Exercise prompt: All of the records must be given again exactly.

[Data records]
BEGIN

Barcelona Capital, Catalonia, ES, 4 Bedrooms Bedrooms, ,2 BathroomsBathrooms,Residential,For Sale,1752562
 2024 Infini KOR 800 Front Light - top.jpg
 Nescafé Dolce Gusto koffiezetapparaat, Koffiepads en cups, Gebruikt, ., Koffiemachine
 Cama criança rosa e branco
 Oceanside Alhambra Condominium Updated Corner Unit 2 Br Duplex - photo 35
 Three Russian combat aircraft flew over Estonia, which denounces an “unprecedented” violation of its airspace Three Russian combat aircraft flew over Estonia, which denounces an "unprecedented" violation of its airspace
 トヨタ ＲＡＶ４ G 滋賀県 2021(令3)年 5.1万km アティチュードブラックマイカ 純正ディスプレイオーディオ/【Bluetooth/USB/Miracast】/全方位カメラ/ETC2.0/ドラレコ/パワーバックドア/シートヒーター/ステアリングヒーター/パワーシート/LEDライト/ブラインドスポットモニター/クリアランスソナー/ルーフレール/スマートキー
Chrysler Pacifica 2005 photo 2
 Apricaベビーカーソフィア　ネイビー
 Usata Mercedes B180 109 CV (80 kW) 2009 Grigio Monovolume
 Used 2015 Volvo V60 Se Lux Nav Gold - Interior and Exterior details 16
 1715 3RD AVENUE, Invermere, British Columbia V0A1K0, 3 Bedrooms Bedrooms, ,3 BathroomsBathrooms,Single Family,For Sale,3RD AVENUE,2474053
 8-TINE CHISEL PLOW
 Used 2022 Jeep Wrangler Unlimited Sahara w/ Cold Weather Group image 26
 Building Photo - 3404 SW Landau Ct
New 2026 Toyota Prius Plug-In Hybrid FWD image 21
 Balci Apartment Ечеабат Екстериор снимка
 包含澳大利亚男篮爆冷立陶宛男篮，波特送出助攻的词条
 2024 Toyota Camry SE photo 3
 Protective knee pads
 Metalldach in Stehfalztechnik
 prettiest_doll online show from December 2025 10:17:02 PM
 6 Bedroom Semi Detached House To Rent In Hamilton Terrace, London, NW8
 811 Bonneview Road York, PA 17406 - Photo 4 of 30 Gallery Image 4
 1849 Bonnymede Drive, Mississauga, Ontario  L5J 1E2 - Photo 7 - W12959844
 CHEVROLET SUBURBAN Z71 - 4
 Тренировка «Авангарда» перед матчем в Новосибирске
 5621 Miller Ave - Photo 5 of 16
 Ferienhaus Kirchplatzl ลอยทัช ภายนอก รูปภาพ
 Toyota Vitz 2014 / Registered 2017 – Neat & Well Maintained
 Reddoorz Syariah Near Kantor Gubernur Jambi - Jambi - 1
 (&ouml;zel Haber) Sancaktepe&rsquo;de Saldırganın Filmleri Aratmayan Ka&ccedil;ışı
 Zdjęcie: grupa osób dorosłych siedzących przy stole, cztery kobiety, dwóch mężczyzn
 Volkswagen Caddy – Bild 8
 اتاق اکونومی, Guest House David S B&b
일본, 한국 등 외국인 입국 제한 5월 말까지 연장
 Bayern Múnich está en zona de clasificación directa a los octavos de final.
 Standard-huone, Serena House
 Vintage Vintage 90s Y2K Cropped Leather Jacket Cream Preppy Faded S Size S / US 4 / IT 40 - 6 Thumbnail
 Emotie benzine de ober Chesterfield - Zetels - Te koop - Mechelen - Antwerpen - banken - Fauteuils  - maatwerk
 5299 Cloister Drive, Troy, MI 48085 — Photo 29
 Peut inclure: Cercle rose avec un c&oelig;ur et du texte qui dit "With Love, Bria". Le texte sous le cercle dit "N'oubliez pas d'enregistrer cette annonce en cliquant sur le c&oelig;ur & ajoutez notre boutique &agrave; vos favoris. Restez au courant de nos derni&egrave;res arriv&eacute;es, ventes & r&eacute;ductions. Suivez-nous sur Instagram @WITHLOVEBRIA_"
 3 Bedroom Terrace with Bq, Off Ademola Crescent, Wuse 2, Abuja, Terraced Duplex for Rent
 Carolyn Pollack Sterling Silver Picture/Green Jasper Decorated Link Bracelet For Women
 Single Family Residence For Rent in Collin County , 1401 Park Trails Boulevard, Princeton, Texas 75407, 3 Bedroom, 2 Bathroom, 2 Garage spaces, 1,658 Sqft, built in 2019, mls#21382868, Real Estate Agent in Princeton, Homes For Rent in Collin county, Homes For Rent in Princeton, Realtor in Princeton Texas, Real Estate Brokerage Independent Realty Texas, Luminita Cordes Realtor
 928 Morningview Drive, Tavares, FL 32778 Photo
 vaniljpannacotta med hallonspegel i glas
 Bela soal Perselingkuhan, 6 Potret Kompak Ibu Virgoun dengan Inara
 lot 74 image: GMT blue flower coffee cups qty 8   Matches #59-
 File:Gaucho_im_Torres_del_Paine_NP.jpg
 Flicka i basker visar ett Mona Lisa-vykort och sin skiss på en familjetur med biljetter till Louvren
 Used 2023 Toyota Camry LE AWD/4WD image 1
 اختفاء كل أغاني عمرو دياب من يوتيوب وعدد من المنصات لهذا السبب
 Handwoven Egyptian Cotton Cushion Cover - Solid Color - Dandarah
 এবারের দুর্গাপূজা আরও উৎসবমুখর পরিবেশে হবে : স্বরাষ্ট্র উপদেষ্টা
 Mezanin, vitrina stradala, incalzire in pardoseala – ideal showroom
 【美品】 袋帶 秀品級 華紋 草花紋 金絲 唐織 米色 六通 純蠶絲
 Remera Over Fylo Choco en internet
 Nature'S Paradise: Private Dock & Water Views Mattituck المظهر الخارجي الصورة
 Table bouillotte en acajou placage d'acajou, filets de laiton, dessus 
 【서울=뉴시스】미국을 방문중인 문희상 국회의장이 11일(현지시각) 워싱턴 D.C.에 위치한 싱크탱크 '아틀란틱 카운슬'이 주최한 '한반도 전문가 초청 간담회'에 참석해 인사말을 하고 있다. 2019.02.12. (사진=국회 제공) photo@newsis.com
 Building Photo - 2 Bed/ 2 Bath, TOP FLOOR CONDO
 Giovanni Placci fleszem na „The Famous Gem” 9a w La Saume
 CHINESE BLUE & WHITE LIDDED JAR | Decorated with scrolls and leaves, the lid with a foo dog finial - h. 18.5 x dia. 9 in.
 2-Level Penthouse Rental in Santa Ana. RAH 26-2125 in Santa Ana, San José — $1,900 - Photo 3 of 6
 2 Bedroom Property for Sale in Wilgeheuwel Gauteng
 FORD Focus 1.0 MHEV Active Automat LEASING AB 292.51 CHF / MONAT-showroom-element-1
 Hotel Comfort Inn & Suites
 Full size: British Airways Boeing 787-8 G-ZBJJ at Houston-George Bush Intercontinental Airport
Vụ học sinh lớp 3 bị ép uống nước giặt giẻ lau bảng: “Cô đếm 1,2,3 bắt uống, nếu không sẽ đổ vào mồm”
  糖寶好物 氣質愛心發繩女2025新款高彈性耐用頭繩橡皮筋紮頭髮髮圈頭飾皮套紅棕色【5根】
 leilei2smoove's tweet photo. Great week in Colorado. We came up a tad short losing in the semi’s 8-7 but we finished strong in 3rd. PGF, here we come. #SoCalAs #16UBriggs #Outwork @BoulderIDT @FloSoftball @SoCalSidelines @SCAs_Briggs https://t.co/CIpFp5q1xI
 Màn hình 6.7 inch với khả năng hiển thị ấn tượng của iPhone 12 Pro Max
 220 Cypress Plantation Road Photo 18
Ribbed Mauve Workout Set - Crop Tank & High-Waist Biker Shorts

END

Answer for the task:
Barcelona Capital, Catalonia, ES, 4 Bedrooms Bedrooms, ,2 BathroomsBathrooms,Residential,For Sale,1752562
 2024 Infini KOR 800 Front Light - top.jpg
 Nescafé Dolce Gusto koffiezetapparaat, Koffiepads en cups, Gebruikt, ., Koffiemachine
 Cama criança rosa e branco
 Oceanside Alhambra Condominium Updated Corner Unit 2 Br Duplex - photo 35
 Three Russian combat aircraft flew over Estonia, which denounces an “unprecedented” violation of its airspace Three Russian combat aircraft flew over Estonia, which denounces an "unprecedented" violation of its airspace
 トヨタ ＲＡＶ４ G 滋賀県 2021(令3)年 5.1万km アティチュードブラックマイカ 純正ディスプレイオーディオ/【Bluetooth/USB/Miracast】/全方位カメラ/ETC2.0/ドラレコ/パワーバックドア/シートヒーター/ステアリングヒーター/パワーシート/LEDライト/ブラインドスポットモニター/クリアランスソナー/ルーフレール/スマートキー
Chrysler Pacifica 2005 photo 2
 Apricaベビーカーソフィア　ネイビー
 Usata Mercedes B180 109 CV (80 kW) 2009 Grigio Monovolume
 Used 2015 Volvo V60 Se Lux Nav Gold - Interior and Exterior details 16
 1715 3RD AVENUE, Invermere, British Columbia V0A1K0, 3 Bedrooms Bedrooms, ,3 BathroomsBathrooms,Single Family,For Sale,3RD AVENUE,2474053
 8-TINE CHISEL PLOW
 Used 2022 Jeep Wrangler Unlimited Sahara w/ Cold Weather Group image 26
 Building Photo - 3404 SW Landau Ct
New 2026 Toyota Prius Plug-In Hybrid FWD image 21
 Balci Apartment Ечеабат Екстериор снимка
 包含澳大利亚男篮爆冷立陶宛男篮，波特送出助攻的词条
 2024 Toyota Camry SE photo 3
 Protective knee pads
 Metalldach in Stehfalztechnik
 prettiest_doll online show from December 2025 10:17:02 PM
 6 Bedroom Semi Detached House To Rent In Hamilton Terrace, London, NW8
 811 Bonneview Road York, PA 17406 - Photo 4 of 30 Gallery Image 4
 1849 Bonnymede Drive, Mississauga, Ontario  L5J 1E2 - Photo 7 - W12959844
 CHEVROLET SUBURBAN Z71 - 4
 Тренировка «Авангарда» перед матчем в Новосибирске
 5621 Miller Ave - Photo 5 of 16
 Ferienhaus Kirchplatzl ลอยทัช ภายนอก รูปภาพ
 Toyota Vitz 2014 / Registered 2017 – Neat & Well Maintained
 Reddoorz Syariah Near Kantor Gubernur Jambi - Jambi - 1
 (&ouml;zel Haber) Sancaktepe&rsquo;de Saldırganın Filmleri Aratmayan Ka&ccedil;ışı
 Zdjęcie: grupa osób dorosłych siedzących przy stole, cztery kobiety, dwóch mężczyzn
 Volkswagen Caddy – Bild 8
 اتاق اکونومی, Guest House David S B&b
일본, 한국 등 외국인 입국 제한 5월 말까지 연장
 Bayern Múnich está en zona de clasificación directa a los octavos de final.
 Standard-huone, Serena House
 Vintage Vintage 90s Y2K Cropped Leather Jacket Cream Preppy Faded S Size S / US 4 / IT 40 - 6 Thumbnail
 Emotie benzine de ober Chesterfield - Zetels - Te koop - Mechelen - Antwerpen - banken - Fauteuils  - maatwerk
 5299 Cloister Drive, Troy, MI 48085 — Photo 29
 Peut inclure: Cercle rose avec un c&oelig;ur et du texte qui dit "With Love, Bria". Le texte sous le cercle dit "N'oubliez pas d'enregistrer cette annonce en cliquant sur le c&oelig;ur & ajoutez notre boutique &agrave; vos favoris. Restez au courant de nos derni&egrave;res arriv&eacute;es, ventes & r&eacute;ductions. Suivez-nous sur Instagram @WITHLOVEBRIA_"
 3 Bedroom Terrace with Bq, Off Ademola Crescent, Wuse 2, Abuja, Terraced Duplex for Rent
 Carolyn Pollack Sterling Silver Picture/Green Jasper Decorated Link Bracelet For Women
 Single Family Residence For Rent in Collin County , 1401 Park Trails Boulevard, Princeton, Texas 75407, 3 Bedroom, 2 Bathroom, 2 Garage spaces, 1,658 Sqft, built in 2019, mls#21382868, Real Estate Agent in Princeton, Homes For Rent in Collin county, Homes For Rent in Princeton, Realtor in Princeton Texas, Real Estate Brokerage Independent Realty Texas, Luminita Cordes Realtor
 928 Morningview Drive, Tavares, FL 32778 Photo
 vaniljpannacotta med hallonspegel i glas
 Bela soal Perselingkuhan, 6 Potret Kompak Ibu Virgoun dengan Inara
 lot 74 image: GMT blue flower coffee cups qty 8   Matches #59-
 File:Gaucho_im_Torres_del_Paine_NP.jpg
 Flicka i basker visar ett Mona Lisa-vykort och sin skiss på en familjetur med biljetter till Louvren
 Used 2023 Toyota Camry LE AWD/4WD image 1
 اختفاء كل أغاني عمرو دياب من يوتيوب وعدد من المنصات لهذا السبب
 Handwoven Egyptian Cotton Cushion Cover - Solid Color - Dandarah
 এবারের দুর্গাপূজা আরও উৎসবমুখর পরিবেশে হবে : স্বরাষ্ট্র উপদেষ্টা
 Mezanin, vitrina stradala, incalzire in pardoseala – ideal showroom
 【美品】 袋帶 秀品級 華紋 草花紋 金絲 唐織 米色 六通 純蠶絲
 Remera Over Fylo Choco en internet
 Nature'S Paradise: Private Dock & Water Views Mattituck المظهر الخارجي الصورة
 Table bouillotte en acajou placage d'acajou, filets de laiton, dessus 
 【서울=뉴시스】미국을 방문중인 문희상 국회의장이 11일(현지시각) 워싱턴 D.C.에 위치한 싱크탱크 '아틀란틱 카운슬'이 주최한 '한반도 전문가 초청 간담회'에 참석해 인사말을 하고 있다. 2019.02.12. (사진=국회 제공) photo@newsis.com
 Building Photo - 2 Bed/ 2 Bath, TOP FLOOR CONDO
 Giovanni Placci fleszem na „The Famous Gem” 9a w La Saume
 CHINESE BLUE & WHITE LIDDED JAR | Decorated with scrolls and leaves, the lid with a foo dog finial - h. 18.5 x dia. 9 in.
 2-Level Penthouse Rental in Santa Ana. RAH 26-2125 in Santa Ana, San José — $1,900 - Photo 3 of 6
 2 Bedroom Property for Sale in Wilgeheuwel Gauteng
 FORD Focus 1.0 MHEV Active Automat LEASING AB 292.51 CHF / MONAT-showroom-element-1
 Hotel Comfort Inn & Suites
 Full size: British Airways Boeing 787-8 G-ZBJJ at Houston-George Bush Intercontinental Airport
Vụ học sinh lớp 3 bị ép uống nước giặt giẻ lau bảng: “Cô đếm 1,2,3 bắt uống, nếu không sẽ đổ vào mồm”
  糖寶好物 氣質愛心發繩女2025新款高彈性耐用頭繩橡皮筋紮頭髮髮圈頭飾皮套紅棕色【5根】
 leilei2smoove's tweet photo. Great week in Colorado. We came up a tad short losing in the semi’s 8-7 but we finished strong in 3rd. PGF, here we come. #SoCalAs #16UBriggs #Outwork @BoulderIDT @FloSoftball @SoCalSidelines @SCAs_Briggs https://t.co/CIpFp5q1xI
 Màn hình 6.7 inch với khả năng hiển thị ấn tượng của iPhone 12 Pro Max
 220 Cypress Plantation Road Photo 18
Ribbed Mauve Workout Set - Crop Tank & High-Waist Biker Shorts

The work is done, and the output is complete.